אָמַר רַב פָּפָּא: דְּאָמַר קְרָא ״מִמַּשְׁקֵה יִשְׂרָאֵל״, מִן הַמּוּתָּר לְיִשְׂרָאֵל, וְאִי סָלְקָא דַעְתָּךְ אֲסִירִי לְהֶדְיוֹט, לְמָה לִי קְרָא (מעטינהו) [לְמַעֹטִינְהוּ] מִגָּבוֹהַּ?
Rav Pappa disse que o versículo afirma, com relação às oferendas: “E um cordeiro do rebanho, de cada duzentos, das pastagens bem regadas de Israel, para oferta de farinha, e para holocausto, e para ofertas pacíficas, para fazer expiação por eles” (Ezequiel 45:15). A expressão: “Das pastagens bem regadas de Israel,” significa que se trazem oferendas somente daquilo que é permitido a Israel. E se te ocorre que um animal separado e um adorado como idolatria são proibidos para consumo a uma pessoa comum, por que eu precisaria de um versículo para excluí-los de sacrifício ao Altíssimo, se isso seria óbvio. Antes, devem ser permitidos para consumo a uma pessoa comum.

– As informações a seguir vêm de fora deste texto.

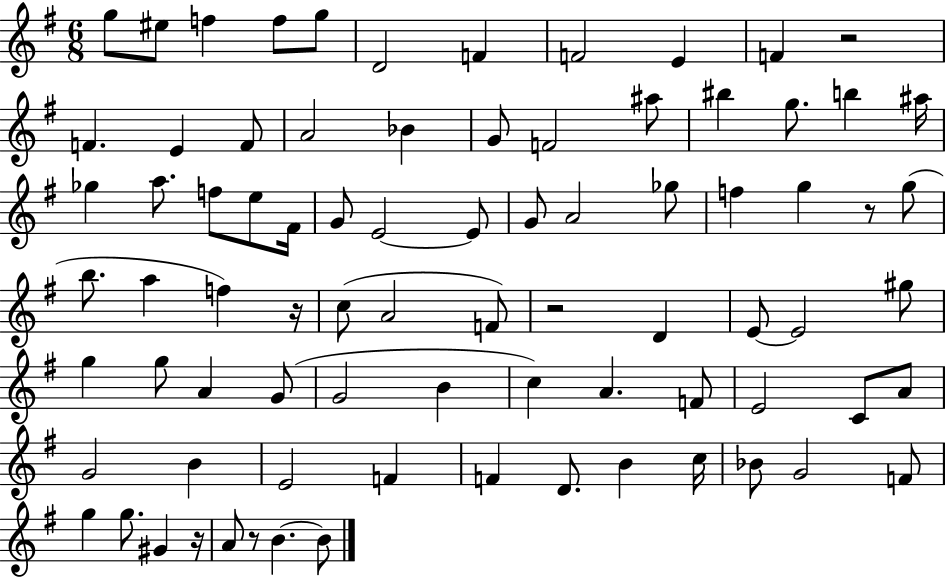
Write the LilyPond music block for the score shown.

{
  \clef treble
  \numericTimeSignature
  \time 6/8
  \key g \major
  g''8 eis''8 f''4 f''8 g''8 | d'2 f'4 | f'2 e'4 | f'4 r2 | \break f'4. e'4 f'8 | a'2 bes'4 | g'8 f'2 ais''8 | bis''4 g''8. b''4 ais''16 | \break ges''4 a''8. f''8 e''8 fis'16 | g'8 e'2~~ e'8 | g'8 a'2 ges''8 | f''4 g''4 r8 g''8( | \break b''8. a''4 f''4) r16 | c''8( a'2 f'8) | r2 d'4 | e'8~~ e'2 gis''8 | \break g''4 g''8 a'4 g'8( | g'2 b'4 | c''4) a'4. f'8 | e'2 c'8 a'8 | \break g'2 b'4 | e'2 f'4 | f'4 d'8. b'4 c''16 | bes'8 g'2 f'8 | \break g''4 g''8. gis'4 r16 | a'8 r8 b'4.~~ b'8 | \bar "|."
}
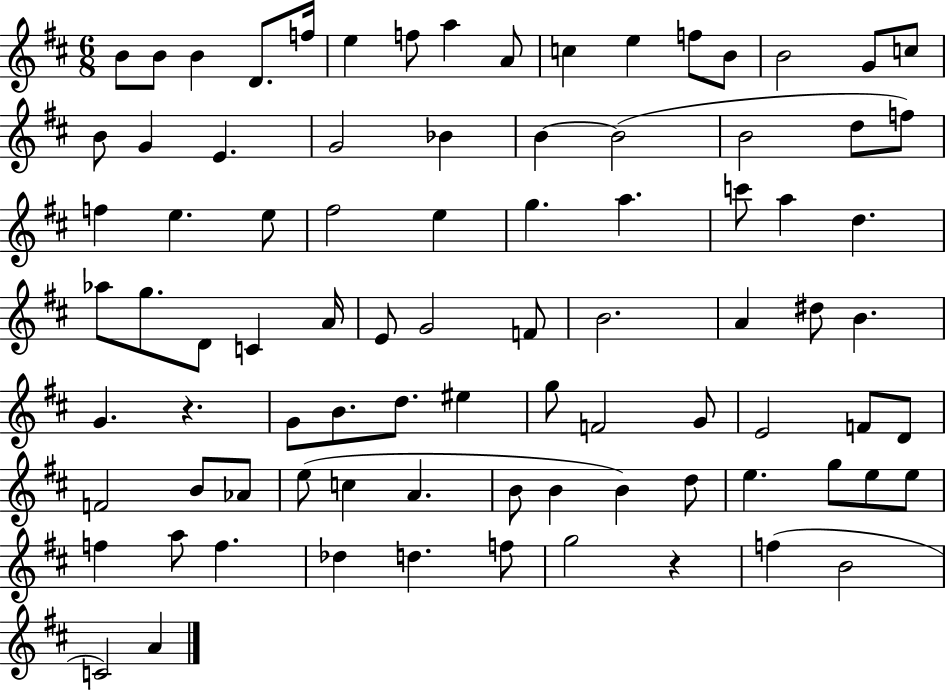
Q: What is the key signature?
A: D major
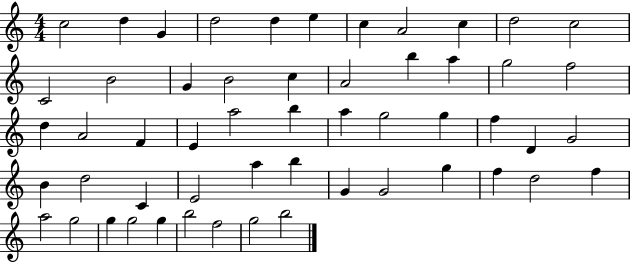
C5/h D5/q G4/q D5/h D5/q E5/q C5/q A4/h C5/q D5/h C5/h C4/h B4/h G4/q B4/h C5/q A4/h B5/q A5/q G5/h F5/h D5/q A4/h F4/q E4/q A5/h B5/q A5/q G5/h G5/q F5/q D4/q G4/h B4/q D5/h C4/q E4/h A5/q B5/q G4/q G4/h G5/q F5/q D5/h F5/q A5/h G5/h G5/q G5/h G5/q B5/h F5/h G5/h B5/h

וְכֹל הֵיכָא דַּאֲסִירִי לְהֶדְיוֹט — לָא בָּעֵי קְרָא? וְהָא טְרֵפָה, דַּאֲסִירָא לְהֶדְיוֹט, וּמַעֲטֵיהּ קָרָא מִגָּבוֹהַּ!
A Guemará pergunta: E é verdade que em qualquer lugar em que um item é proibido para uma pessoa comum, um versículo não é necessário para ensinar que ele não pode ser usado como sacrifício? Mas há o caso de um animal com uma condição que fará com que morra dentro de doze meses [tereifa], que é proibido para consumo a uma pessoa comum, e, ainda assim, um versículo o exclui do sacrifício ao Altíssimo.
דְּתַנְיָא: כְּשֶׁהוּא אוֹמֵר ״מִן הַבָּקָר״ לְמַטָּה, שֶׁאֵין תַּלְמוּד לוֹמַר, אֶלָּא לְהוֹצִיא אֶת הַטְּרֵפָה.
Como é ensinado em uma baraita: Já havia sido anteriormente derivado do versículo: “Trarás a tua oferta do gado, tanto do rebanho bovino como do rebanho miúdo” (Levítico 1:2), que certos animais são proibidos de ser sacrificados sobre o altar (ver 28a). Quando diz abaixo, no versículo seguinte: “Se a sua oferta for um holocausto do gado”, aparentemente não há necessidade de o versículo declarar isso, pois isso já havia sido dito antes. Em vez disso, isso serve para excluir uma tereifa de ser trazida como oferta.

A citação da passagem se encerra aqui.